Tensorflow – Decoder for Machine Translation

Question:

I am going through Tensorflow’s tutorial on Neural Machine Translation using Attention mechanism.

It has the following code for the Decoder :

class Decoder(tf.keras.Model):
  def __init__(self, vocab_size, embedding_dim, dec_units, batch_sz):
    super(Decoder, self).__init__()
    self.batch_sz = batch_sz
    self.dec_units = dec_units
    self.embedding = tf.keras.layers.Embedding(vocab_size, embedding_dim)
    self.gru = tf.keras.layers.GRU(self.dec_units,
                                   return_sequences=True,
                                   return_state=True,
                                   recurrent_initializer='glorot_uniform')
    self.fc = tf.keras.layers.Dense(vocab_size)

    # used for attention
    self.attention = BahdanauAttention(self.dec_units)

  def call(self, x, hidden, enc_output):
    # enc_output shape == (batch_size, max_length, hidden_size)
    context_vector, attention_weights = self.attention(hidden, enc_output)

    # x shape after passing through embedding == (batch_size, 1, embedding_dim)
    x = self.embedding(x)

    # x shape after concatenation == (batch_size, 1, embedding_dim + hidden_size)
    x = tf.concat([tf.expand_dims(context_vector, 1), x], axis=-1)

    # passing the concatenated vector to the GRU
    output, state = self.gru(x)

    # output shape == (batch_size * 1, hidden_size)
    output = tf.reshape(output, (-1, output.shape[2]))

    # output shape == (batch_size, vocab)
    x = self.fc(output)

    return x, state, attention_weights

What I don’t understand here is that, the GRU cell of the decoder is not connected to the encoder by initializing it with the last hidden state of the encoder.

output, state = self.gru(x)  

# Why is it not initialized with the hidden state of the encoder ? 

As per my understanding, there is a connection between the encoder and decoder, only when the decoder is initialized with the "Thought vector" or the last hidden state of the encoder.

Why is that missing in Tensorflow’s official tutorial ? Is it a bug ? Or am I missing something here ?

Could someone help me understand ?

Asked By: AnonymousMe

||

Answers:

This is very well summarized by this detailed NMT guide, which compares the classic seq2seq NMT against the encoder-decoder attention-based NMT architectures.

Vanilla seq2seq: The decoder also needs to have access to the source information, and one simple way to achieve that is to initialize it with the last hidden state of the encoder, encoder_state.

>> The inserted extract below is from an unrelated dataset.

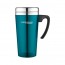 Travel Mug bottle 42cl / 14oz blue lagoon - Thermocafé - Thermos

Attention-based encoder-decoder: Remember that in the vanilla seq2seq model, we pass the last source state from the encoder to the decoder when starting the decoding process. This works well for short and medium-length sentences; however, for long sentences, the single fixed-size hidden state becomes an information bottleneck. Instead of discarding all of the hidden states computed in the source RNN, the attention mechanism provides an approach that allows the decoder to peek at them (treating them as a dynamic memory of the source information). By doing so, the attention mechanism improves the translation of longer sentences.

In both cases, you can use teacher forcing to better train the model.

TLDR; the attention mechanism is what helps the decoder "peak" into the encoder instead of you explicitly passing what the encoder is doing to the decoder.

Answered By: Akshay Sehgal